The main attack surfaces: (1) certificate theft — if a vehicle's contract certificate private key is extracted, it can be used to fraudulently charge on the victim's account; (2) relay attacks — the TLS session can theoretically be relayed to a legitimate charger by a malicious intermediary, though TLS 1.2/1.3 with proper certificate pinning mitigates this; (3) OCSP replay — if certificate revocation status (OCSP) responses are replayed, a revoked certificate may appear valid; (4) PKI root compromise — if the V2G root CA private key is compromised, all certificates in the hierarchy become untrustworthy. Defense: hardware security modules (HSMs) for key storage in the vehicle, certificate pinning, short-lived contract certificates (refreshed frequently), and regular OCSP stapling.

Does ISO 15118 V2G (Vehicle-to-Grid) discharge work in India?

ISO 15118-20 (the 2022 update) adds bidirectional power transfer (V2G) capability. In India, V2G is technically possible with CCS2 infrastructure and ISO 15118-20 compliant EVs, but regulatory and metering frameworks do not yet support it. DISCOMS (distribution companies) are not currently set up to accept and meter power fed back from EVs, and grid codes do not include EV-as-storage provisions. V2G pilot projects are being evaluated, but commercial V2G availability in India is likely 3–5 years away from 2025.

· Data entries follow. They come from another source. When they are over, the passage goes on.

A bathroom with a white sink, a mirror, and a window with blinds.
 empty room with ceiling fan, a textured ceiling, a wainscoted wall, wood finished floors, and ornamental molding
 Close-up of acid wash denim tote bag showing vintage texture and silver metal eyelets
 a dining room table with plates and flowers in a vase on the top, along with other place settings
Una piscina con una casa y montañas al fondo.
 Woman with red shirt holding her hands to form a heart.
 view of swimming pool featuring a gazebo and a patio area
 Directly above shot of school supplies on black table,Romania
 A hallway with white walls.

Is ISO 15118 Plug and Charge available at Indian charging stations?

As of 2025, very few Indian public chargers support ISO 15118 Plug and Charge. Most public DC fast chargers in India use OCPP (Open Charge Point Protocol) with RFID or app-based payment. Some premium chargers (Tata Power, Ather grid upgrades) are implementing ISO 15118 support. Vehicle-side support exists in some imported EVs (Hyundai Ioniq series, Porsche, Audi) but not yet in most domestic EV models. Full PnC ecosystem deployment in India requires PKI infrastructure, eMSP contracts, and charger firmware upgrades — a 2–4 year deployment horizon from 2025.